==== Recorded information
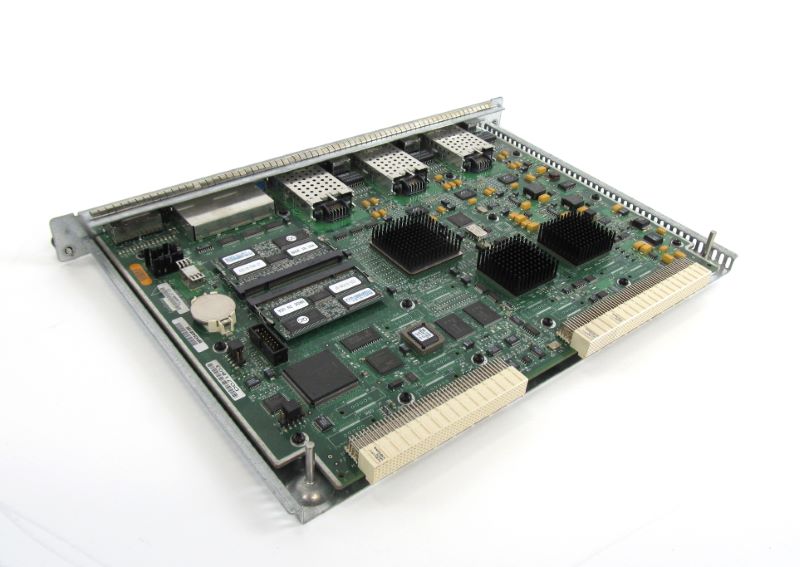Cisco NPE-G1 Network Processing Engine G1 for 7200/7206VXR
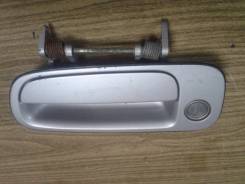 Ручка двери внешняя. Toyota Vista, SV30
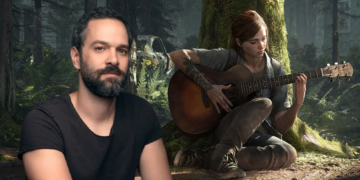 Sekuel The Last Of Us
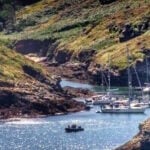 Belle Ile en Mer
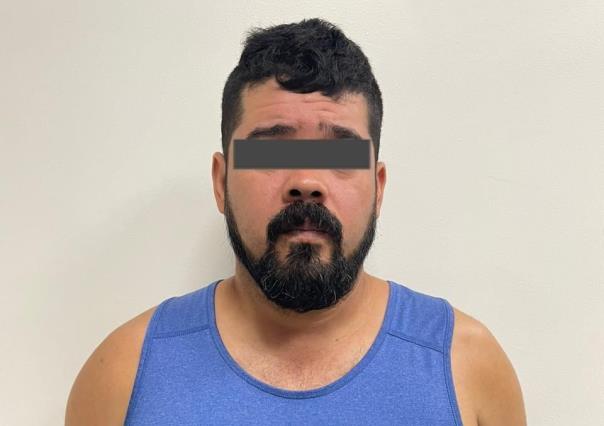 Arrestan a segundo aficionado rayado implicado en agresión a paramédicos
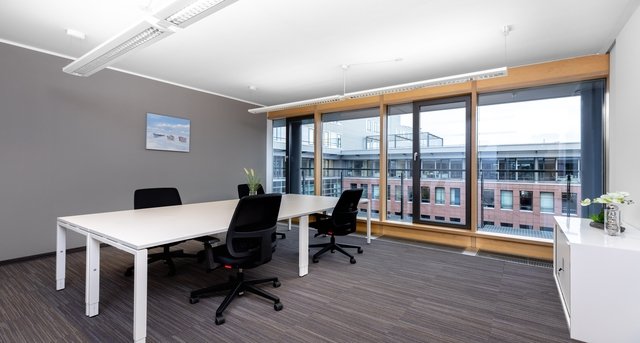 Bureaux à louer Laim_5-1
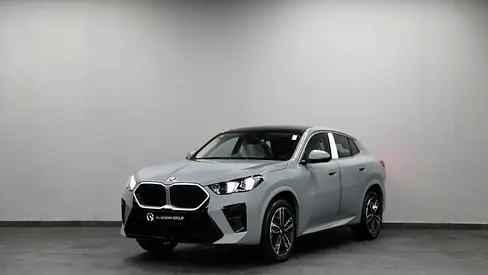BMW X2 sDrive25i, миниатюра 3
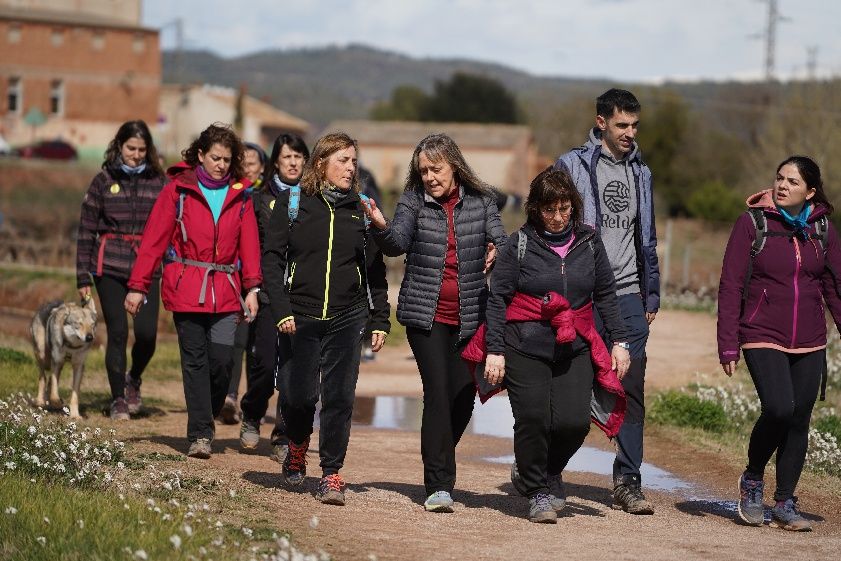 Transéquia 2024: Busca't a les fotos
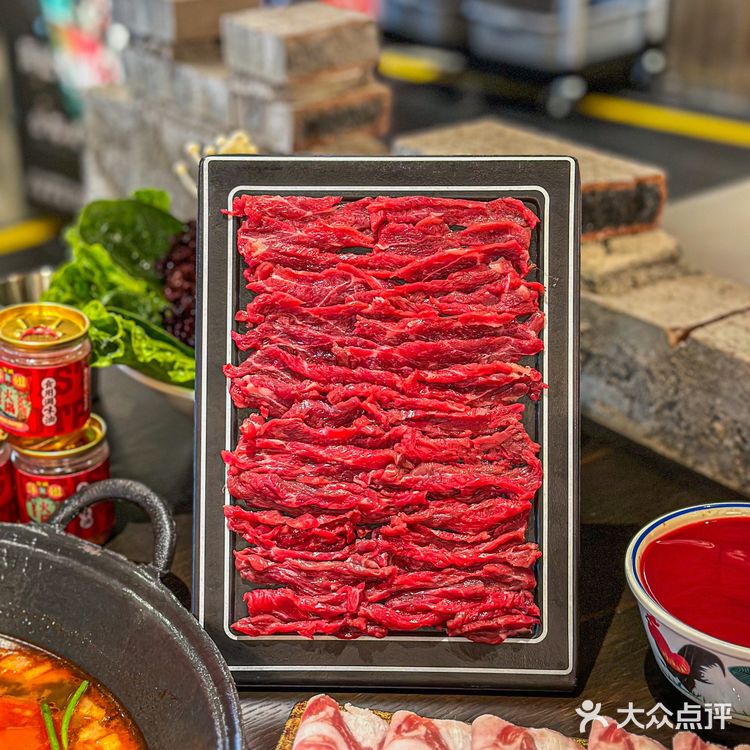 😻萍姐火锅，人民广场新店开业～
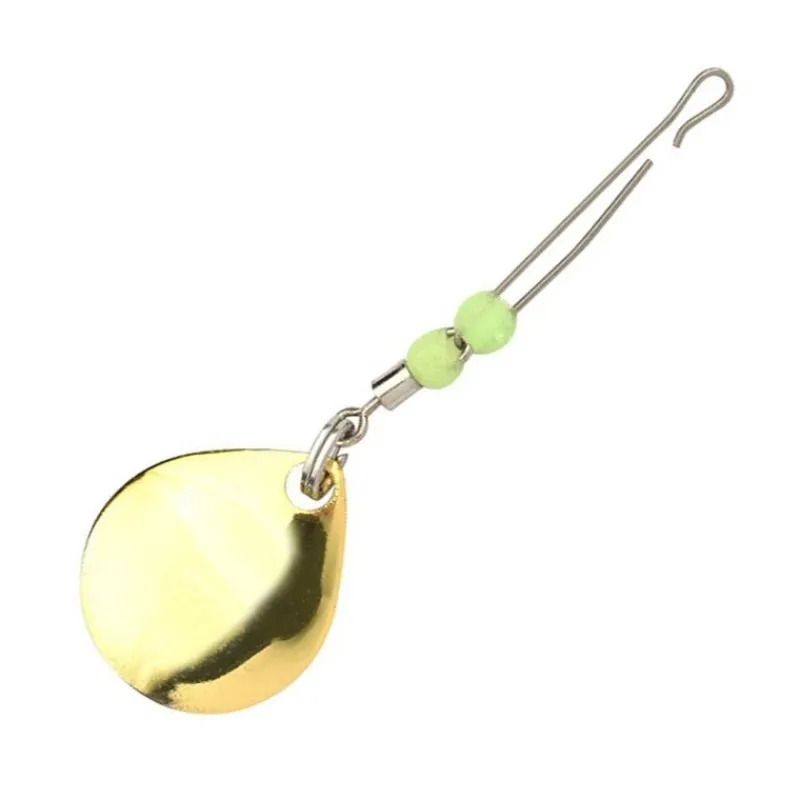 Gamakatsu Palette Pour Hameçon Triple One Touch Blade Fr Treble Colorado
========
==== Recorded information
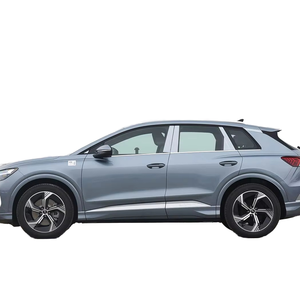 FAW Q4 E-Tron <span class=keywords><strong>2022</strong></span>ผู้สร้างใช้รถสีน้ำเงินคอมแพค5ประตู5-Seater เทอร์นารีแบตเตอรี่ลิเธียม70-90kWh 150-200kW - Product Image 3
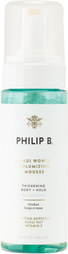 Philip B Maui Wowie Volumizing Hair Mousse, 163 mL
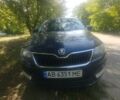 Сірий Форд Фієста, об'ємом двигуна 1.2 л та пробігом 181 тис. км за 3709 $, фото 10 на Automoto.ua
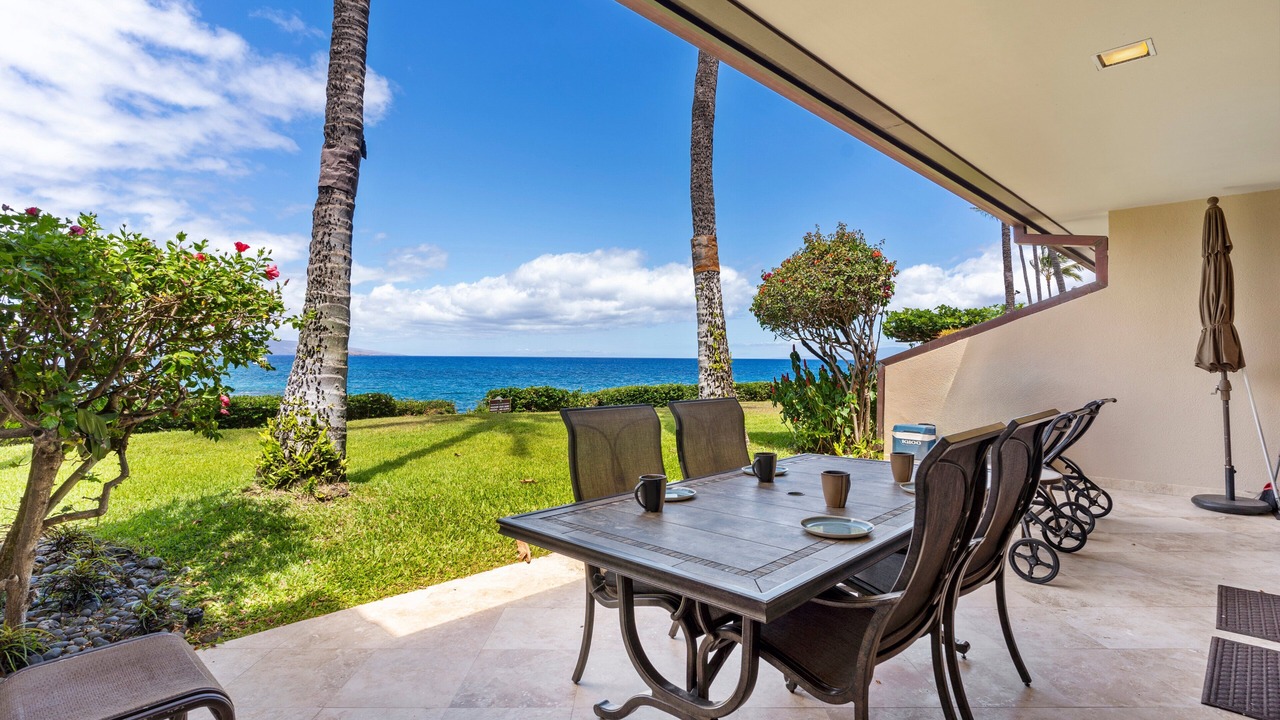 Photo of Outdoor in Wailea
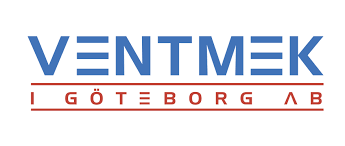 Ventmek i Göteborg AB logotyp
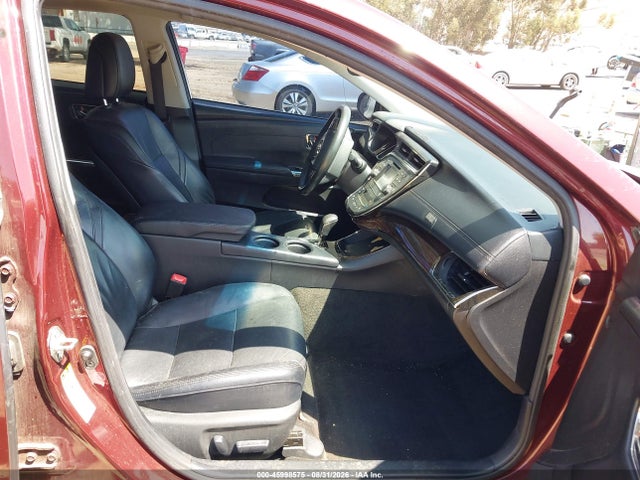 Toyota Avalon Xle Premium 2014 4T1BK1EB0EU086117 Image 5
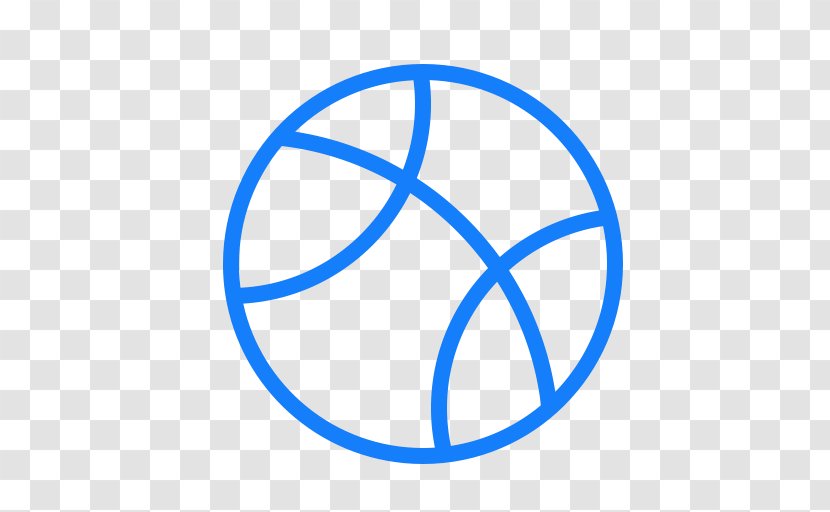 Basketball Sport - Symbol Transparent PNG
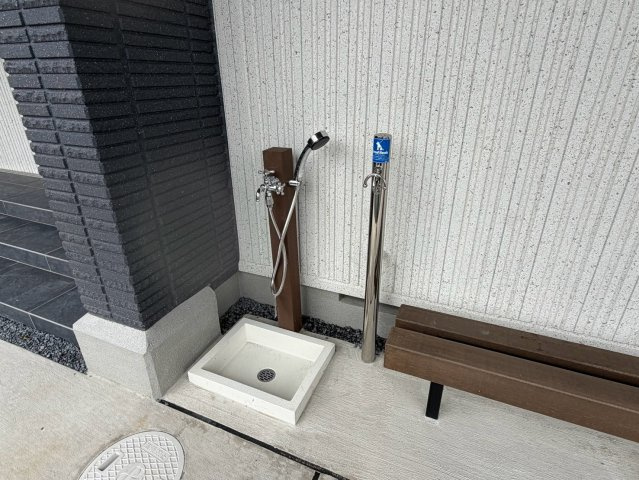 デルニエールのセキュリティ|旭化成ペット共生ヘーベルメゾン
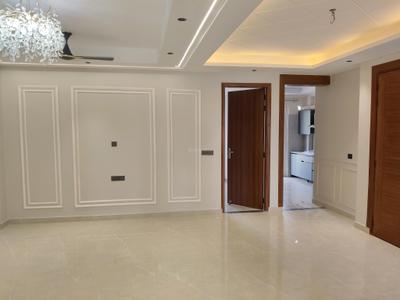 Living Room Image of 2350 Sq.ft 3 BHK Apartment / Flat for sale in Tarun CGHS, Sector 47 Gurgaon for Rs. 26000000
========
==== Recorded information
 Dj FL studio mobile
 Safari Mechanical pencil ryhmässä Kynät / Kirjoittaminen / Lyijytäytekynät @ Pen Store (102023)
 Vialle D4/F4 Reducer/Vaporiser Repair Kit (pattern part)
========
- _Exercise aim_
Reproduce, word for word, everything in the listing above from the line containing "FAW Q4 E-Tron" down to the line containing "Living Room Image", both of them included. No pictures.

- _Task response_
 FAW Q4 E-Tron <span class=keywords><strong>2022</strong></span>ผู้สร้างใช้รถสีน้ำเงินคอมแพค5ประตู5-Seater เทอร์นารีแบตเตอรี่ลิเธียม70-90kWh 150-200kW - Product Image 3
 Philip B Maui Wowie Volumizing Hair Mousse, 163 mL
 Сірий Форд Фієста, об'ємом двигуна 1.2 л та пробігом 181 тис. км за 3709 $, фото 10 на Automoto.ua
 Photo of Outdoor in Wailea
 Ventmek i Göteborg AB logotyp
 Toyota Avalon Xle Premium 2014 4T1BK1EB0EU086117 Image 5
 Basketball Sport - Symbol Transparent PNG
 デルニエールのセキュリティ|旭化成ペット共生ヘーベルメゾン
 Living Room Image of 2350 Sq.ft 3 BHK Apartment / Flat for sale in Tarun CGHS, Sector 47 Gurgaon for Rs. 26000000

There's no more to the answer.